Mitsubishi Motors current offer, "Gas Comes Standard", offers you a free years' worth of gas (12,000 miles at $2.95/gallon) if you buy one of their cars.
The commercial has pictures of lots of cars and SUVs driving fast, along with high gas station price boards. The website for the campaign claims that "there's only one way to beat the high price of gas," which is to get it for free, buying a car with total irreverence for fuel efficiency. I honestly thought they were going to announce a hybrid or a highly efficient new model. So naive I am.
Here we are giving away free gas and loosening environmental standards to allow more polluting foreign blends of fuel to be consumed in the US. Why aren't we instead asking people to drive less? Why have auto manufacturers stopped producing electric cars? The message is that conservation really isn't necessary. There's plenty of fuel! And if it feels like there's a shortage, well, hell, they'll either pay for our gas so we're more likely to buy a less-efficient car, or just claim that since we're running out we need to drill every last inch and start allowing dirtier blends. It's an emergency. Congress will pass anything.
There's no doubt that gas shortages in Texas last week caused a true emergency as thousands upon thousands tried to evacuate. But the shortage isn't the emergency: it's our unwillingness to consider change; our unwillingness to be outraged at Mitsubishi's propose solution for our expensive fuel bills.

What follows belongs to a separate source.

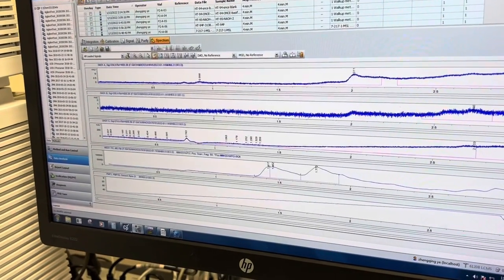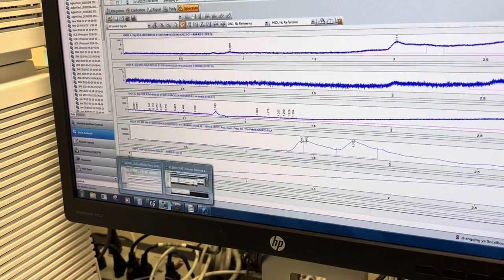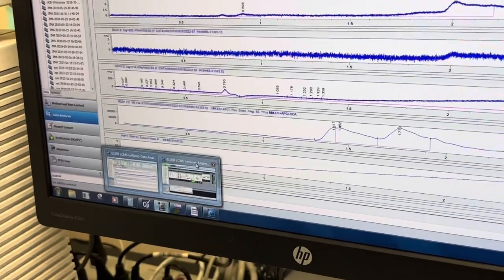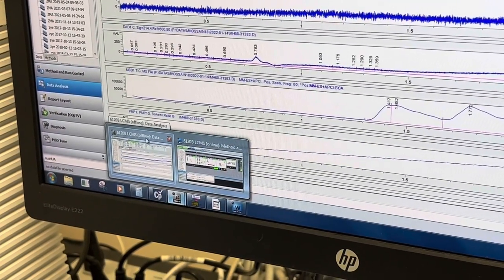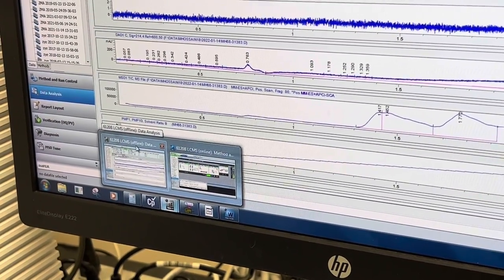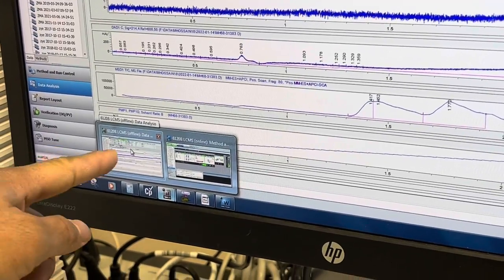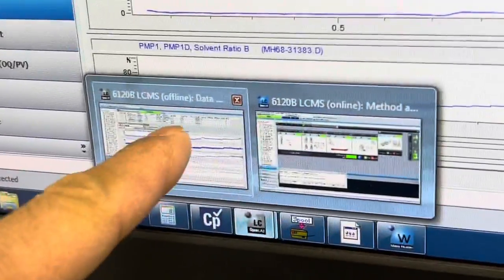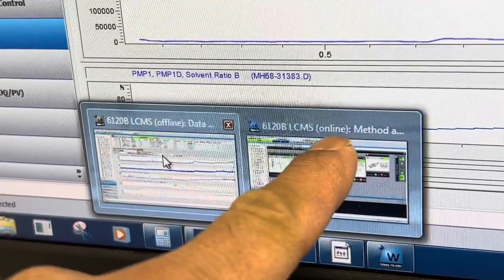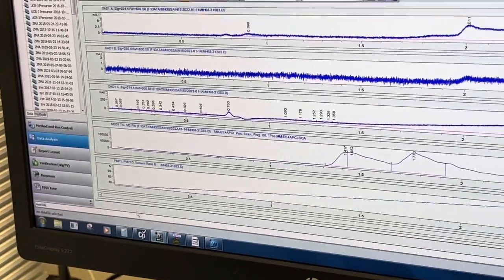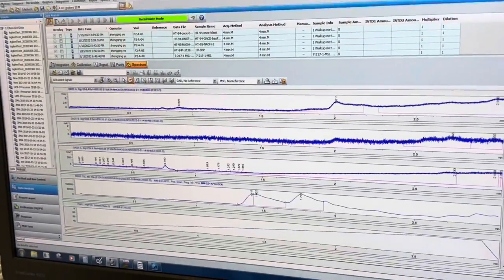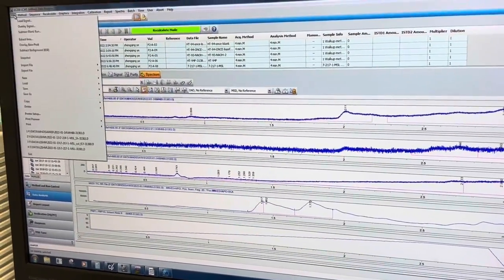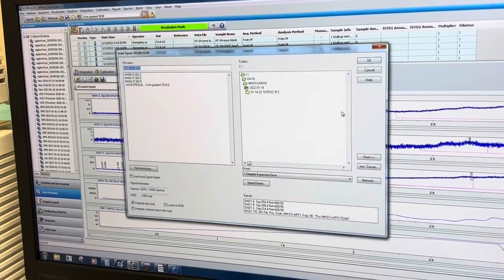Yeah it was open. You can see here like one is online, another is offline. To see your data you have to choose the offline one. See, just make it close. So here you see the offline and here you see the online, okay. So you have to go to the offline and go to file, load signal.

Even though he can sometimes be a total and slightly embarassing liberal whack, I heartily endorse Kalle Lasn's commentaries on "true cost" economics in his book, Culture Jam.
More than any other product, the car stands as a symbol of the need for a true-cost marketplace, wherein the price you pay for a car reflects all the costs of production and operation. That doesn't just mean paying the manufacturing cost plus markup, plus oil, gas and insurance. It means paying for the pollution, for building and maintaining the roads, for the medical costs of accidents and the noise and aesthetic degradation caused by urban sprawl. It means paying for traffic policing and for military protection of oil fields and supply lines.He's sort of doing the Fox News-esque "some" bibliography, but still. I agree with him. We have run out of time for this consumptive behavior. Giving people free gas in exchange for irreverent automobile purchases right now is like laughing in the faces of my unborn children.
The true cost of a car must also include the real but hard-to-estimate environmental cost to future generations of dealing with the oil- and ozone-depletion and climate-change problems the car is creating today. If we added up the best available estimates, we'd come to a startling concluion: The fossil fuel-based automotobile industry is being subsidized by unborn generations to the tune of hundreds of billions of dollars every year. Whey should they have to pay to clean up our mess?
In the true-cost marketplace of the future, no one will prevent you from driving. You will simply have to pay the real cost of piloting your ton of metal, spewing a ton of carbon out of the tailpipe every year. Your private automobile will cost you, by some estimates, around $100,000. And a tankful of gas, $250.
I think offers like Mitsubishi's should be illegal. And if that makes me a socialist, sign me up.